Talking about Spanish in the United States means talking about the future of the language, in a country called to be the driving force of the Hispanic world in the coming decades. However, in that same country we also find very minorized varieties, such as the case of Spanish spoken in the state of New Mexico, which is at real risk of becoming extinct within one or two generations.

This variety, which can be considered part of the North American linguistic heritage, is surrounded by large speech communities, widespread languages ​​and other well-established varieties of Spanish. On the one hand, it borders on American English, a language in common use at all levels both in New Mexico and in the rest of the United States; On the other hand, it does so with Mexican Spanish, the most widespread and numerous variety of Spanish, which is spoken on both sides of the border and represents the large migrant community of Mexican descent that we find in New Mexico. Lastly, he is also in contact with the Spanglisha variety of American Spanish resulting from linguistic contact with English implanted in bilingual speakers of Hispanic heritage.
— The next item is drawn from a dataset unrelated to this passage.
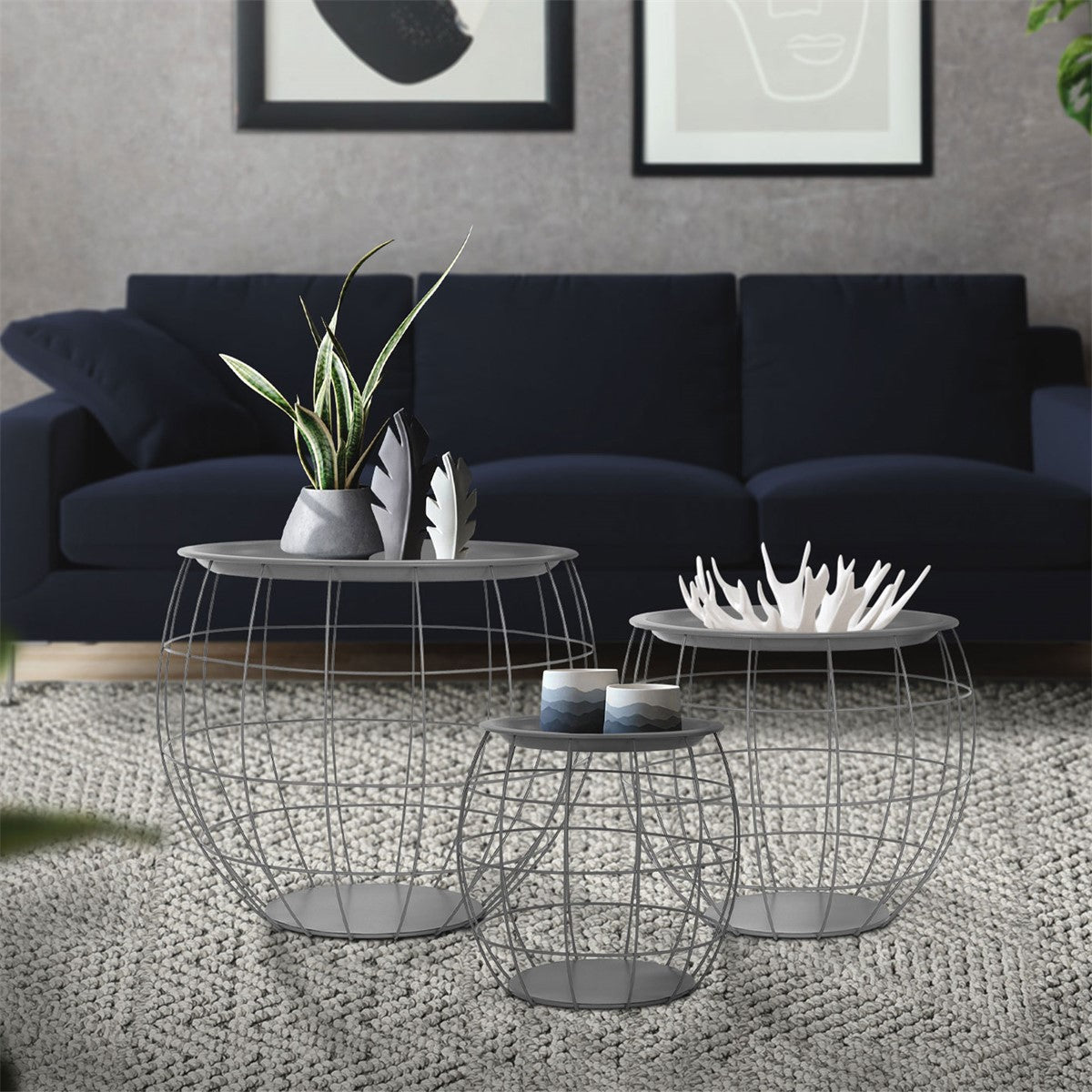 Three modern wire side tables with plants and decorations.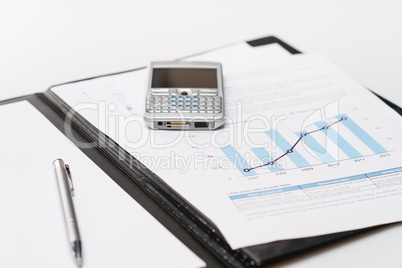 Business growth column chart paper over notepad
In the midst of this linguistic crossroads, New Mexican Spanish combats the power dynamics internal to the language that hierarchize and reorder the different speech varieties and communities. The linguistic demographics, its historical situation and peripheral social positioning, the scarce linguistic and cultural capital of its speakers, its low vitality or the degree of presence in public life predict a difficult future for this historical dialect that was established in the southwest of the United States in the 17th century. In fact, the state capital, Santa Fe, was founded in 1610 by Pedro de Peralta.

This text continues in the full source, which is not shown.